António Serrano não é caso único. Na última semana, chegaram mais mensagens destas à redação do Observador. No Twitter, também se encontram várias queixas de utilizadores a quem tentaram roubar a conta, em vários pontos do globo, e o assunto tem sido notícia em vários meios.

O Observador também contactou a Unidade Nacional de Combate ao Cibercrime da Polícia Judiciária para saber se tem recebido queixas sobre este tipo de esquemas, mas sem sucesso.

Como é que os utilizadores podem defender-se destes esquemas? “O primeiro passo é assumir que nada é de borla”, defende o especialista em cibersegurança. Rui Duro explica que quando estamos na Internet “temos de ser desconfiados”. O saber estar online é como saber estar na vida real.

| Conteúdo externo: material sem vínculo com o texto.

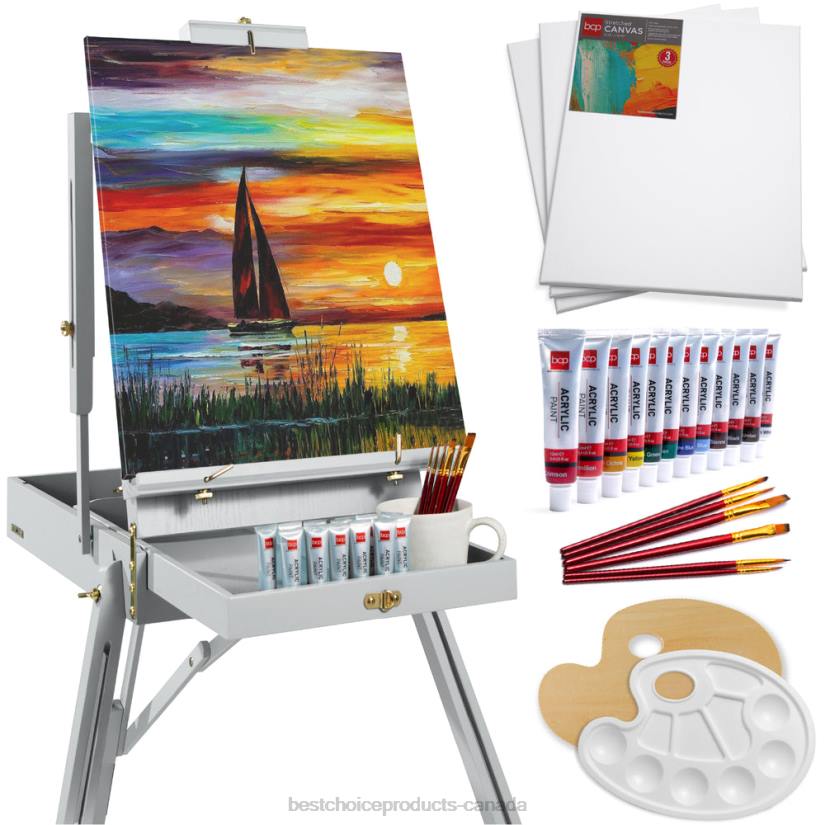 4LT21034 Gray Best Choice Products Portable Wooden French Easel w/ 32pc Beginners Kit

“Sei que não posso ir para certas zonas sozinho à noite, na internet é igual”, explica Rui Duro.

O ideal, diz o responsável máximo da Check Point em Portugal, seria todos os internautas terem uma formação. Em relação ao WhatsApp, o princípio é este: nunca se deve dar este código a ninguém. Mas há uma forma de não ser apanhado neste tipo de burlas: dupla autenticação. Ao escolher um código, sempre que alguém conseguir saber o pin de seis dígitos enviados por SMS, vai precisar de digitar um segundo código escolhido por si. Assim, torna-se impossível ao cibercriminoso roubar a conta, porque não saberá o código.

É um método simples e eficaz, basta ir à aplicação > Definições  > Conta > Confirmação em dois passos e definir um código (pessoal e intransmissível) de seis dígitos.